Inheritance tax (IHT) in the United Kingdom applies to the transfer of wealth after death. It can affect property, savings, investments, and other assets. Although it applies to a smaller portion of estates, those crossing certain value limits may face a 40% tax charge on amounts above available allowances. Thresholds have been frozen for several years, so rising asset prices can bring more families into scope.

 

This guide reviews the 2025/26 allowances, rates, and reliefs and outlines legal provisions under HMRC regulations. It offers factual, compliance-based guidance for individuals and families who wish to manage their affairs effectively.

 

Current thresholds and rates

  • Nil-rate band (NRB): £325,000 per individual. This level has not changed for several years and remains frozen for 2025/26. Estates valued below £325,000 pay no IHT. Amounts above this threshold are generally taxed at 40%.
  • Residence nil-rate band (RNRB): £175,000 per individual, available when a home is left to direct descendants (children, stepchildren, adopted children, or grandchildren). If the RNRB applies, it can raise a person’s overall tax-free allowance to £500,000 (i.e. £325,000 plus £175,000).
  • Taper for RNRB: If the total estate exceeds £2 million, the RNRB is withdrawn by £1 for every £2 above £2m. High-value estates may lose some or all of the £175,000 allowance.
  • Spouse and civil partner exemption: Transfers between spouses or civil partners are exempt from IHT, regardless of amount. The first spouse's unused NRB can pass to the survivor. This can double allowances to £650,000 (2 × £325,000) or up to £1m (2 × £500,000) if the RNRB is fully used.
  • ●     Rate of tax: The standard rate is 40% on any value above the available allowances. This can drop to 36% if you leave at least 10% of your net estate to charity.

 

These thresholds are set to remain in place until at least April 2030. Since property and investment values continue to rise, individuals who might not previously have worried about IHT may now need planning advice.

 

Lifetime gifts and exemptions

A common way to lower IHT liability is to pass on assets while still alive. Some gifts are instantly exempt, while others become exempt over time:

Annual gift exemption

  • Each individual can give away up to £3,000 per tax year free of IHT. This amount can go to one person or be split among several recipients.
  • If the full £3,000 exemption goes unused in a particular tax year, it can carry forward one year (up to £6,000 maximum). After that, any unused portion expires.

Small gifts exemption

  • You can give any number of gifts up to £250 per recipient each tax year, and these are immediately exempt as long as no other exemption is used for the same person that year.
  • This applies well to small, customary presents for special occasions.

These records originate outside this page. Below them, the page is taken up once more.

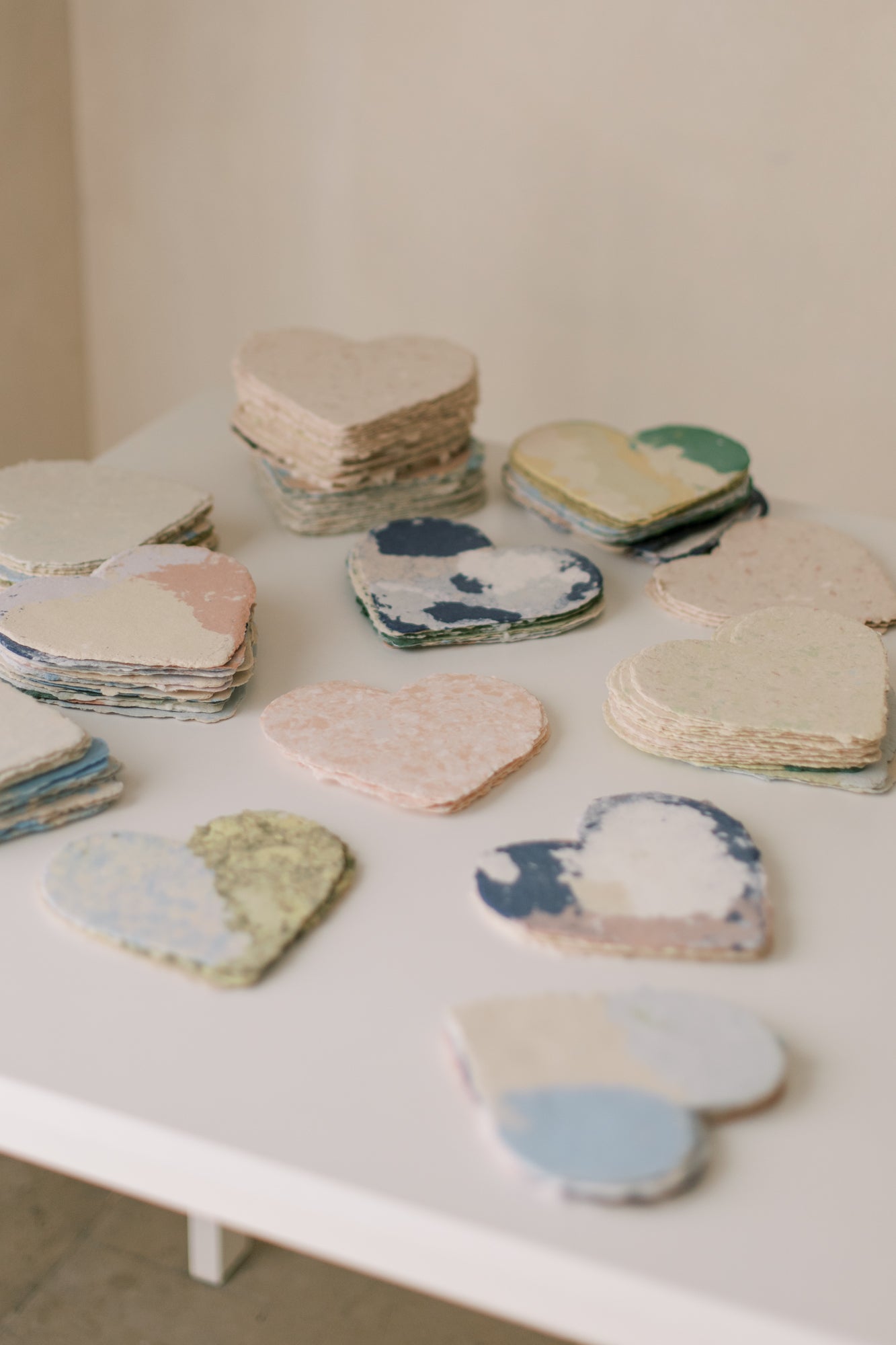 Patch Hearts / Handmade Recycled Paper Heart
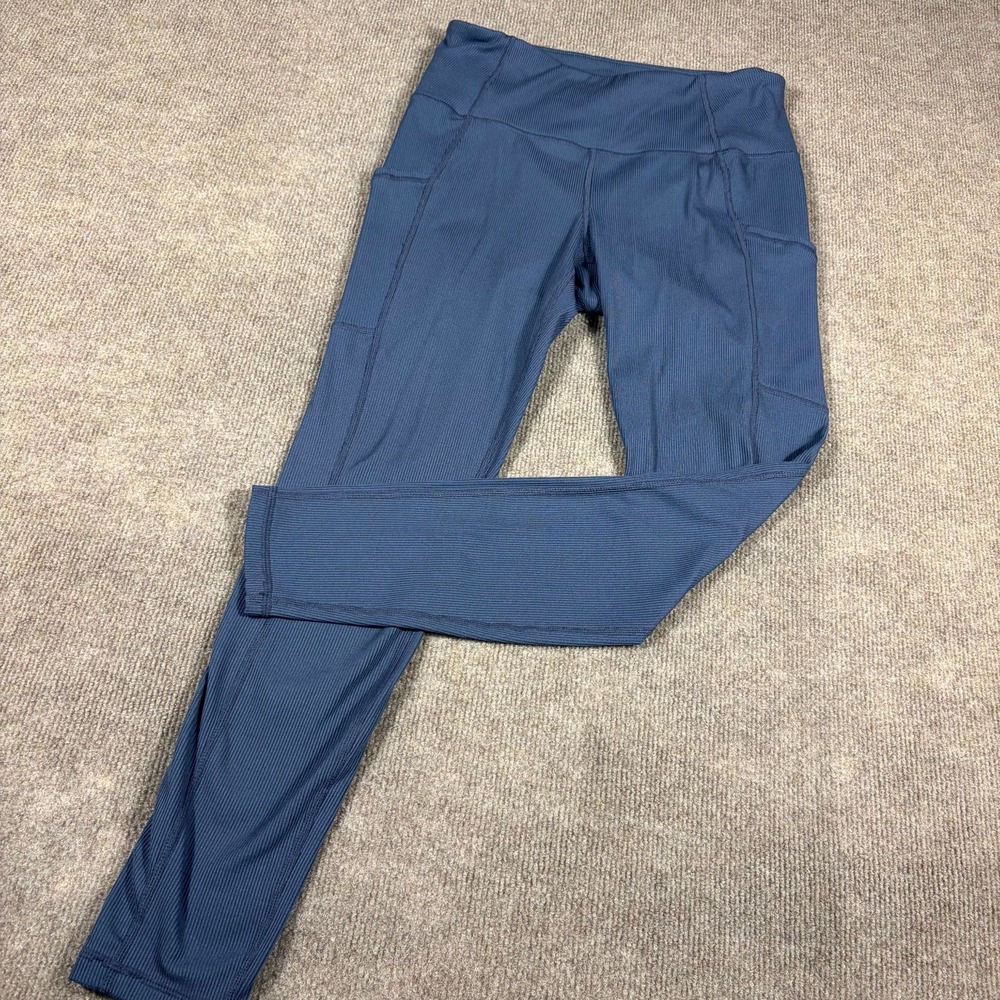 Lukka Lux Leggings Womens Medium Navy Blue Stretch Ribbed Performance Pockets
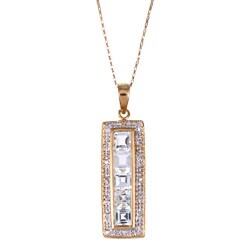 14k Yellow Gold Aquamarine and Diamond Necklace (I, I3)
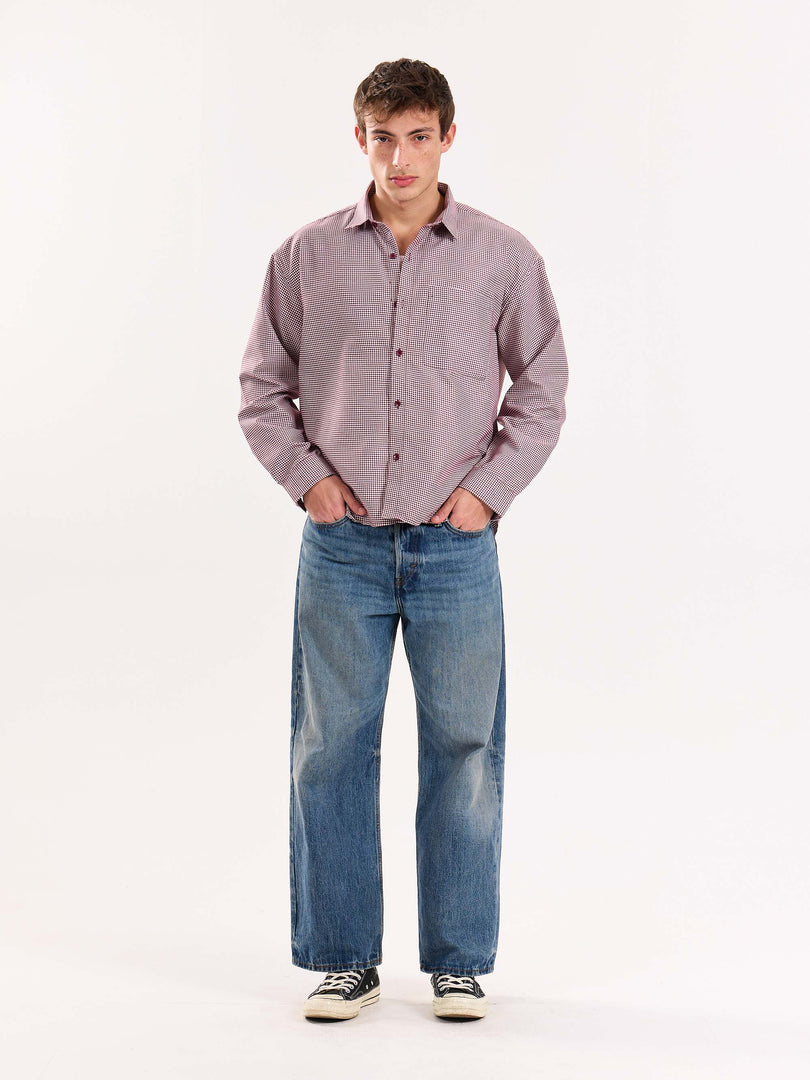 Burgundy Checkered Oversized Cropped Shirt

Wedding or civil partnership gifts

  • Gifts made on the occasion of a marriage or civil partnership are exempt up to certain limits: £5,000 for a child, £2,500 for a grandchild, and £1,000 for anyone else.
  • You can combine this exemption with the £3,000 annual exemption.

Regular gifts out of income

  • If you have surplus income, you can set up a pattern of gifts from after-tax income without affecting your normal standard of living. These are free of IHT immediately.
  • Proper documentation is important: your executors should be able to show that the gifts came from income and did not erode your capital.

Potentially exempt transfers (PETs) and the seven-year rule

  • Gifts above the specific exemptions above are known as PETs. They incur no IHT if the donor survives for seven years.
  • If the donor dies within seven years, the gift may be added back into the estate, potentially creating a tax liability. However, taper relief can reduce the IHT rate on that gift if death occurs more than three years after the donation.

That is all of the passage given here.